Les cours de l'argent approchent les records de la fin des années 1970. Les cours avaient alors été poussés par une spéculation exceptionnelle. Dans un univers de forte inflation (14 % aux États-Unis), les pétroliers texans Hunt avaient tenté une prise de contrôle de l'ensemble du marché. Leurs premiers achats réalisés avant 1975 dans une fourchette de 2 dollars – 4 dollars pour une once se sont amplifiés 5 ans durant.
Début 1980, ils avaient accumulé la moitié du stock mondial d'argent et, avec des achats sur les marchés dérivés, ont étranglé les vendeurs à découvert. Les cours de l'once qui avaient été amenés de 5 dollars à l'été 1978 à 18 dollars un an plus tard ont établi leur record de 54 dollars en janvier 2000, portés par les rachats contraints de vendeurs.

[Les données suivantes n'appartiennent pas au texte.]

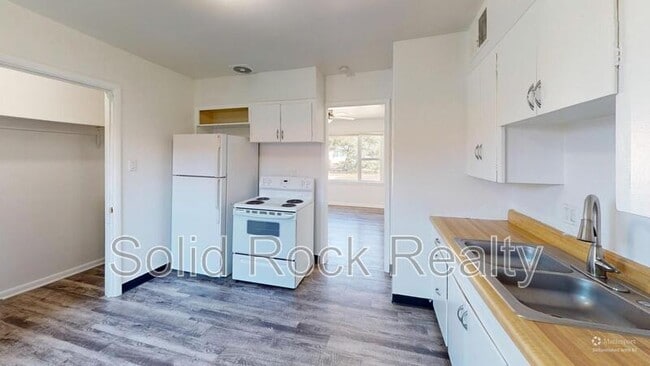 Photo - 1212 Janes Ln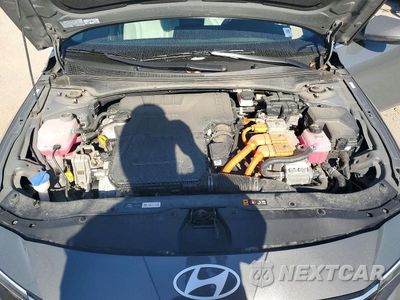 Zdjęcie 11 z 12 samochodu: 2025 HYUNDAI ELANTRA LIMITED VIN:KMHLN4DJXSU153453 - miniatura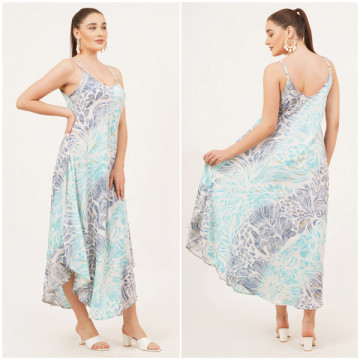 Polyester long dress. One size / 4 colors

La spéculation avait été ensuite cassée par l'action de la banque centrale de Paul Volker, l'homme qui devait juguler l'inflation. En interdisant les achats à terme, il avait mis en place les conditions du krach qui a détruit le corner. Fin mars 1980, l'once était revenue à 11 dollars.
La leçon de l'aventure était double. D'abord, on ne peut pas manipuler un marché contre les autorités monétaires. C'est aujourd'hui le sujet du bitcoin et de pas mal des cryptomonnaies, même si la technologie les met à l'abri pour le moment. Ensuite, une matière première obéit à des fondamentaux. La hausse des cours avait provoqué celle de la production : de l'argent il y en a beaucoup sous la terre et le prix d'extraction peut s'aligner sur les prix. Enfin, la conjoncture d'inflation est déterminante, la chute du pétrole comme de l'or l'ont montré dans la première moitié des années 1980.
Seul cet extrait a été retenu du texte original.